State how many lines of the records include the word "Beach"; the reply is that number alone.

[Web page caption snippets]

#####

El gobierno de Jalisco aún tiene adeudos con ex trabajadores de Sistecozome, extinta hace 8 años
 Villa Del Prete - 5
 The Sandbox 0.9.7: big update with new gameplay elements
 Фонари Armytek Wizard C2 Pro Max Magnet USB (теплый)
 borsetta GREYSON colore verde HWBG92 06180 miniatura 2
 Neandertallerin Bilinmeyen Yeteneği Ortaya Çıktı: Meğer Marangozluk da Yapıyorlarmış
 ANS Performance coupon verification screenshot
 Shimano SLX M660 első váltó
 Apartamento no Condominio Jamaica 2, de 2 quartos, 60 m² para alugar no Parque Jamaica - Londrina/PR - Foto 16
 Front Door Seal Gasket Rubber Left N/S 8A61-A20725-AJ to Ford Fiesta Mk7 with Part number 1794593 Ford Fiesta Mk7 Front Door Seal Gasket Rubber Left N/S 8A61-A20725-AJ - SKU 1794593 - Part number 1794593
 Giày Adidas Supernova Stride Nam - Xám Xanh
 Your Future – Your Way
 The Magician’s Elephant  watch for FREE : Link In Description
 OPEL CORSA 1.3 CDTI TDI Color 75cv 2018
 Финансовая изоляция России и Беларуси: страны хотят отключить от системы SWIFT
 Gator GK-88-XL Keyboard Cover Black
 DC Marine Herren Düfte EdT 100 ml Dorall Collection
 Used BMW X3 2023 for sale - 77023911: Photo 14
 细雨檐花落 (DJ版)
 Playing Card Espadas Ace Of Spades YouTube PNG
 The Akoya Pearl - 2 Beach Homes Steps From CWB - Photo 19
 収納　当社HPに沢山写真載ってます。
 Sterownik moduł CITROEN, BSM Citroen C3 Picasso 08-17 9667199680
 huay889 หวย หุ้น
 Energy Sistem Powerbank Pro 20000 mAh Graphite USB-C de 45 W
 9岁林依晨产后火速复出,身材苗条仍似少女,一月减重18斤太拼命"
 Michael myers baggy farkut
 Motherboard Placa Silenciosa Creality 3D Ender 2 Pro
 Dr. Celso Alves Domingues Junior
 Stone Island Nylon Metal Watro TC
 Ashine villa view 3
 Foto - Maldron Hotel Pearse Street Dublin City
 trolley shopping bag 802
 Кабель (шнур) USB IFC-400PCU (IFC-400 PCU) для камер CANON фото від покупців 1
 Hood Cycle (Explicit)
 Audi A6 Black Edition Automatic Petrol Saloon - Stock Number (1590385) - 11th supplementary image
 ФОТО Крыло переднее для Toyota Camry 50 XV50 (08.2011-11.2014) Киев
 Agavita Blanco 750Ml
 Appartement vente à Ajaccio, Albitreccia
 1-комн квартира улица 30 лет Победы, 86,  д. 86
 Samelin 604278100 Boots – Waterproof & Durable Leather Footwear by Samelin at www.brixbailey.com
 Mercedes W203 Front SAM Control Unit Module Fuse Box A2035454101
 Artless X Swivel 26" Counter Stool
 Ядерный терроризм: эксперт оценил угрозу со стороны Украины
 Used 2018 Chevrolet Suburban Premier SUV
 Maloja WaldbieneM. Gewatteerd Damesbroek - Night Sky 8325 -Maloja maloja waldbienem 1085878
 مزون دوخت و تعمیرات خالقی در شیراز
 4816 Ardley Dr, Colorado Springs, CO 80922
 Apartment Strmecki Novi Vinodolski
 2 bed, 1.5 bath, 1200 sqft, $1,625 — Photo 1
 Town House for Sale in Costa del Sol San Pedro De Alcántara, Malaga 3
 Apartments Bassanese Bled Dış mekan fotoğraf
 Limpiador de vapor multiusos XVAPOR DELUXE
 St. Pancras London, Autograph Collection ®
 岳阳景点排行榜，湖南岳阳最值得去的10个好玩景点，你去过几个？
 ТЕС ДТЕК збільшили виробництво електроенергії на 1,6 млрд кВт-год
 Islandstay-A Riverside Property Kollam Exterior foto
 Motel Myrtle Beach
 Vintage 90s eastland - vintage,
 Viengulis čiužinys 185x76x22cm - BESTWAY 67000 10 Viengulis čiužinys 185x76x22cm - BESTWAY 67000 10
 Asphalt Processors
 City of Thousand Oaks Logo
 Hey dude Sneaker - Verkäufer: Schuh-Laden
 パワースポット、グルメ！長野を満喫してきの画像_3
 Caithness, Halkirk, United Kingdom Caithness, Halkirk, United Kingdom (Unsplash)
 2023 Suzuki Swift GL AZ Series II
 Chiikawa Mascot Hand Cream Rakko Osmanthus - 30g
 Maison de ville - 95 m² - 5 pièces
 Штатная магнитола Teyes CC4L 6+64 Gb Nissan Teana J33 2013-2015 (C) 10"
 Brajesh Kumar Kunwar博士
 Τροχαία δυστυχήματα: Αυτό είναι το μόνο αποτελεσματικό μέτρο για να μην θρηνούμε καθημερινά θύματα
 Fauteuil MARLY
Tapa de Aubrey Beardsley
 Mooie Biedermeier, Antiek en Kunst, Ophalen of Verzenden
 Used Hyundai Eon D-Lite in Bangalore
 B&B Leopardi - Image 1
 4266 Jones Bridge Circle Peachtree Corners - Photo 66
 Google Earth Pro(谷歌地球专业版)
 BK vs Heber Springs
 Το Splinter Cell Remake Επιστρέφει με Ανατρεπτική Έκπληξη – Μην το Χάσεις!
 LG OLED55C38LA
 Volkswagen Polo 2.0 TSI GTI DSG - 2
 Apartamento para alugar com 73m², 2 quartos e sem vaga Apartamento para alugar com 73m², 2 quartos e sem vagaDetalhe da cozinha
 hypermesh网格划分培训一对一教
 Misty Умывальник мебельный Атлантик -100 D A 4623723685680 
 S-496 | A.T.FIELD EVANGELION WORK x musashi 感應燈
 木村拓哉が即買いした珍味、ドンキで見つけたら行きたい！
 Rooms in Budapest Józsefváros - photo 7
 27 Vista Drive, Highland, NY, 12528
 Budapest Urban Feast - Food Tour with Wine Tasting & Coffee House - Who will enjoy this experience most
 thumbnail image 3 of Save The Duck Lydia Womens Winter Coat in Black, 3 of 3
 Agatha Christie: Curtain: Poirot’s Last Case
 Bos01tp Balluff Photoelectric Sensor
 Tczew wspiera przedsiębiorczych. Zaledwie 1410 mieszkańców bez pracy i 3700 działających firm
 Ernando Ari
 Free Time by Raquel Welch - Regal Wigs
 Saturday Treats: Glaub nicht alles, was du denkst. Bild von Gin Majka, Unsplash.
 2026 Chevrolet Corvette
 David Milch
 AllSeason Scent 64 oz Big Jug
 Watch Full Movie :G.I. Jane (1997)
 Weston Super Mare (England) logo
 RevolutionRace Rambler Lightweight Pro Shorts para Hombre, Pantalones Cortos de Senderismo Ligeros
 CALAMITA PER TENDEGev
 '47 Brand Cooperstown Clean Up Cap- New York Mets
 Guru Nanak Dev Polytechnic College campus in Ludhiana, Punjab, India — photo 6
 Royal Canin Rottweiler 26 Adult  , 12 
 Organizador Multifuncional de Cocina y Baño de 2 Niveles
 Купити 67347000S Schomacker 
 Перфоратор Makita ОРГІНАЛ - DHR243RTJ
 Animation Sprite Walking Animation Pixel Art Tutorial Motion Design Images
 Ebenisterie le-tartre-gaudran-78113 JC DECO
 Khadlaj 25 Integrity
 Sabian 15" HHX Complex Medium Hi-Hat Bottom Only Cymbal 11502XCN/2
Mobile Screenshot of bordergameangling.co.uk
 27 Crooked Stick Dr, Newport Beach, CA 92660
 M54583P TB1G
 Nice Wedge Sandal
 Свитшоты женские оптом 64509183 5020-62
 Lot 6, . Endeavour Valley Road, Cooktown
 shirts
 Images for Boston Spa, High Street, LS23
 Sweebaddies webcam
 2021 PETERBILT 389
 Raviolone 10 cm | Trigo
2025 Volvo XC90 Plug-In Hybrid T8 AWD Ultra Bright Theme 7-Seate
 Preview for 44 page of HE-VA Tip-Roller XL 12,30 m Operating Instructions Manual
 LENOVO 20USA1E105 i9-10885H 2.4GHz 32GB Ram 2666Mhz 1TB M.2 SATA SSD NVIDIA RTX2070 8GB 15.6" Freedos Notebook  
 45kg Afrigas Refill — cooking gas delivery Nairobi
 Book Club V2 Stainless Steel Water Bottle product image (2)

#####

Solution to the exercise => 3